THE DATA |
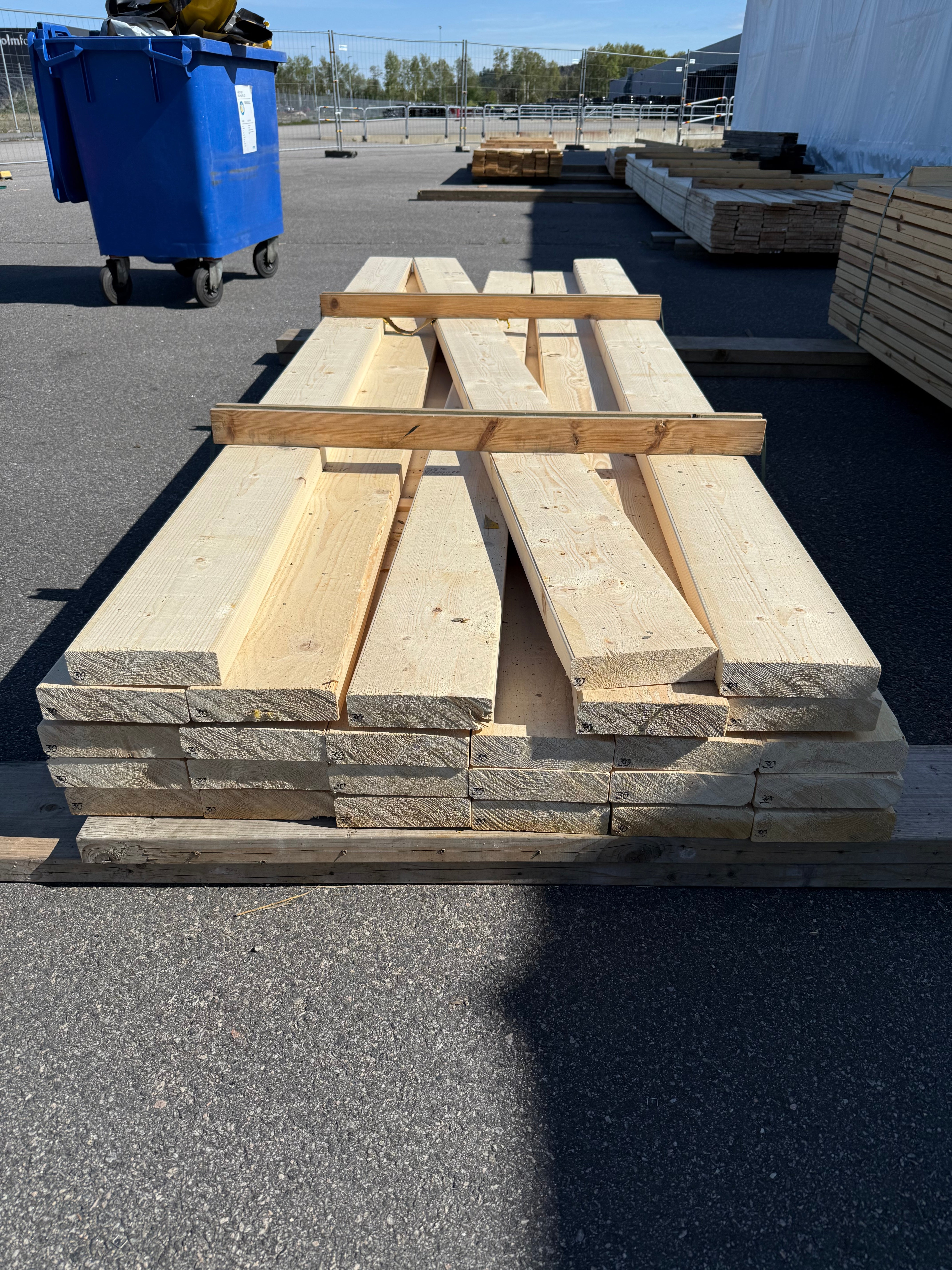 Paket Reglar 45x170mm 3.0m C24 Felhyvlade 26st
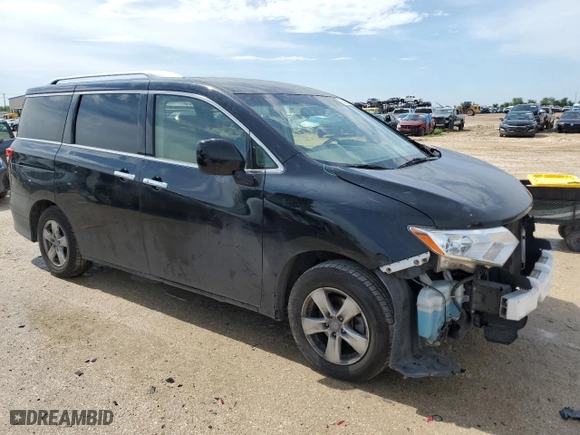 2017 Nissan Quest SV with VIN JN8AE2KP5H9165565, listed as a Copart auction lot 54543614 with 83,505 mi miles. Bid and sale history available at carsss.com. Image 4.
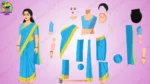 Basudha 42 Years Old Indian Mother Character Multiple Poses | Animation Ki Duniya - Image 2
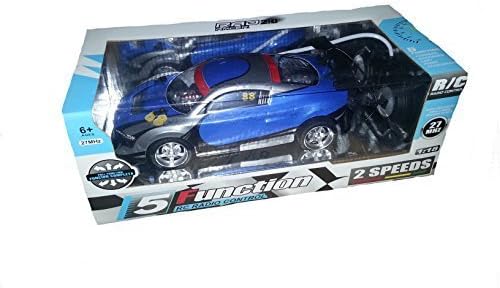 Rad Racers Radio Controlled Racing Car 5 Functions Bl/red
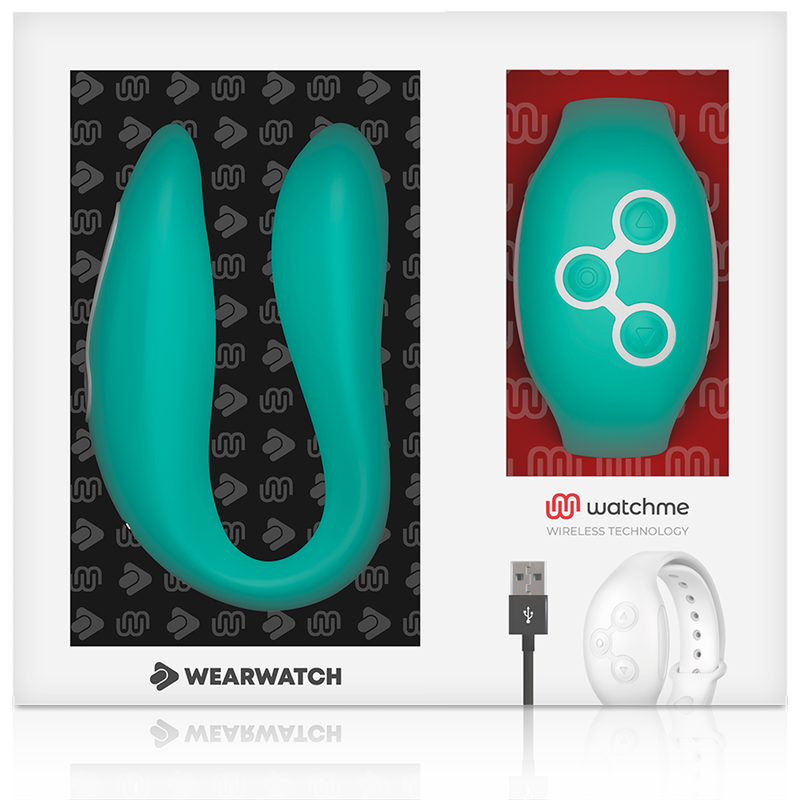 WEARWATCH - VIBRATEUR WATCHME VERT CLAIR DOUBLE TECHNOLOGIE - Sensualia
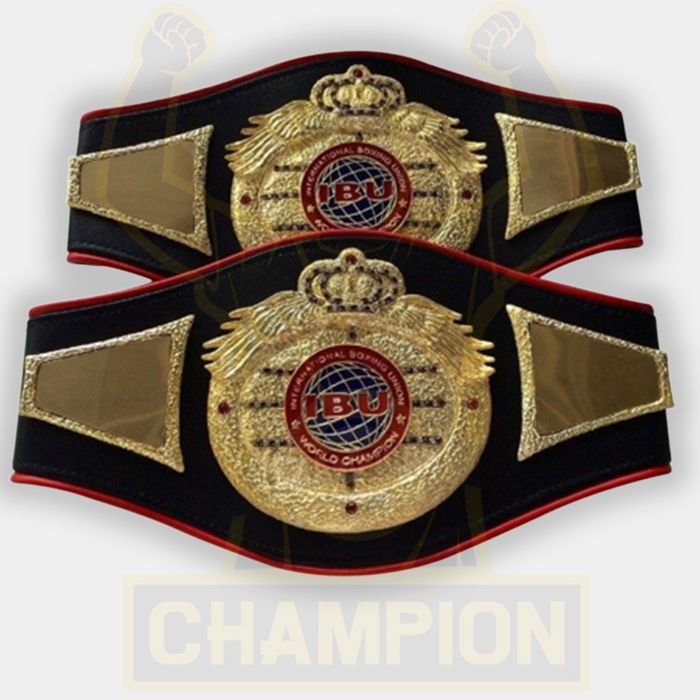 IBU International Boxing Union Championship Title Belt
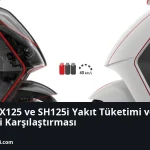 Honda PCX125 ile SH125i depo menzili nasıl karşılaştırılır?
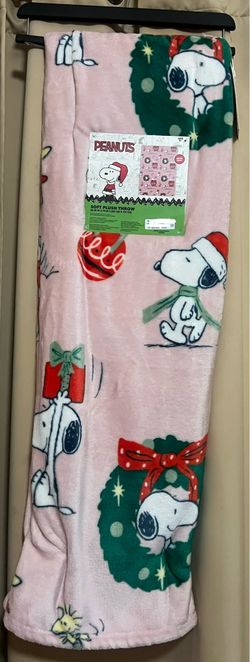 Snoopy Christmas blanket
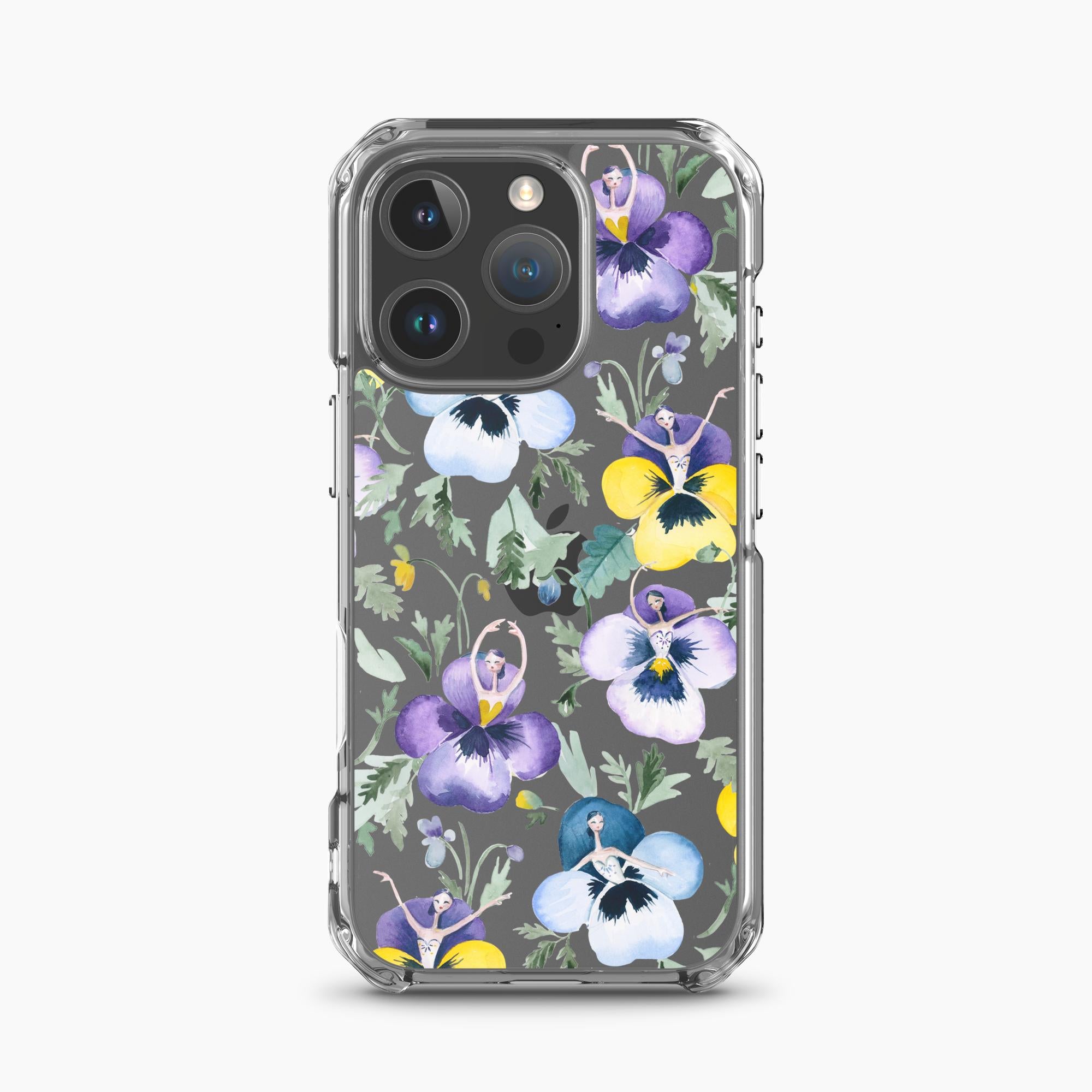 Waltz of the Pansies iPhone Case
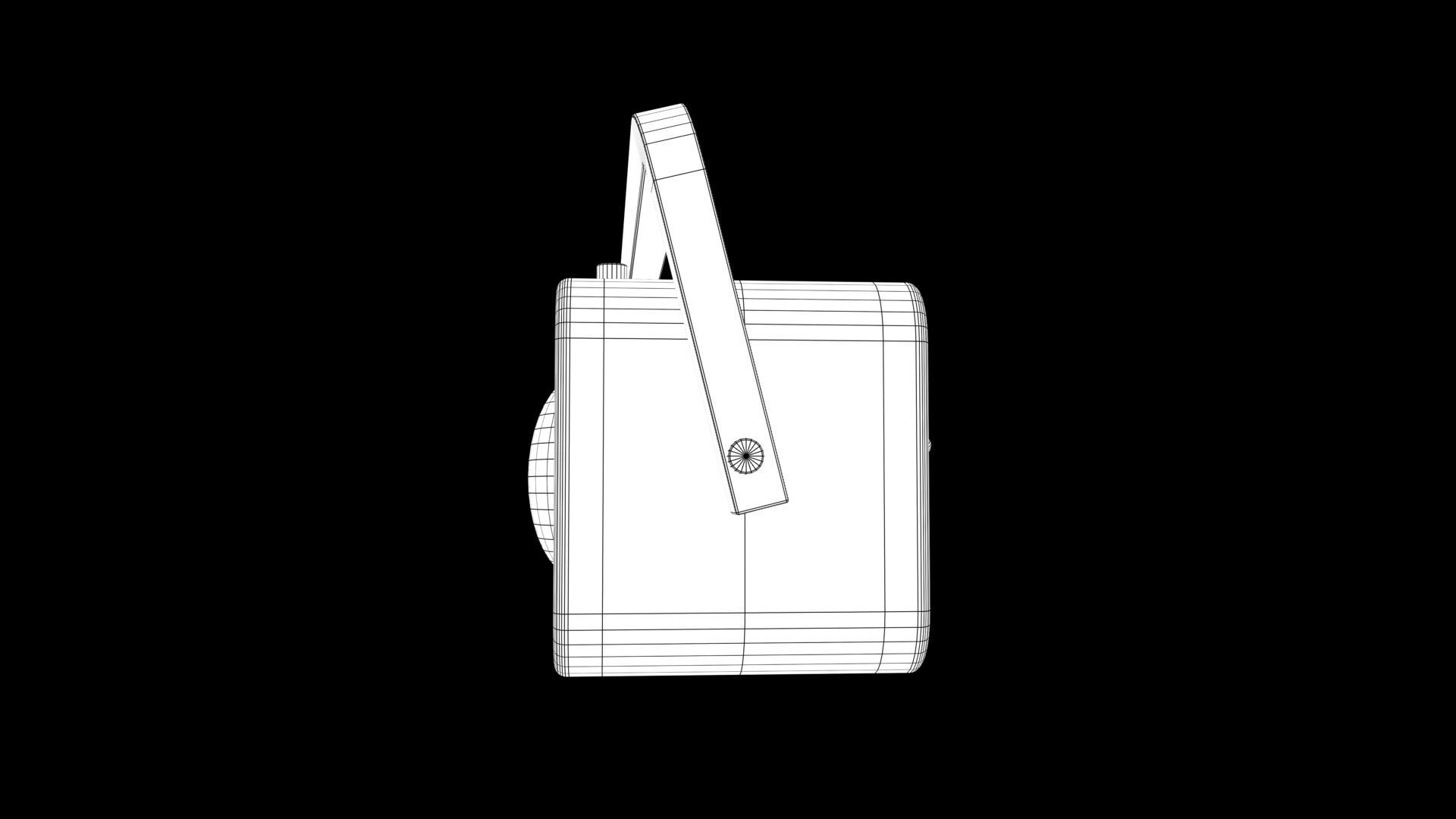 radio old Low-poly 3D model_7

HOW TO COMPLETE THIS TASK |
Set every record down verbatim. No pictures belong in the copy.

REPLY TO THE TASK |
 Paket Reglar 45x170mm 3.0m C24 Felhyvlade 26st
 2017 Nissan Quest SV with VIN JN8AE2KP5H9165565, listed as a Copart auction lot 54543614 with 83,505 mi miles. Bid and sale history available at carsss.com. Image 4.
 Basudha 42 Years Old Indian Mother Character Multiple Poses | Animation Ki Duniya - Image 2
 Rad Racers Radio Controlled Racing Car 5 Functions Bl/red
 WEARWATCH - VIBRATEUR WATCHME VERT CLAIR DOUBLE TECHNOLOGIE - Sensualia
 IBU International Boxing Union Championship Title Belt
 Honda PCX125 ile SH125i depo menzili nasıl karşılaştırılır?
 Snoopy Christmas blanket
 Waltz of the Pansies iPhone Case
 radio old Low-poly 3D model_7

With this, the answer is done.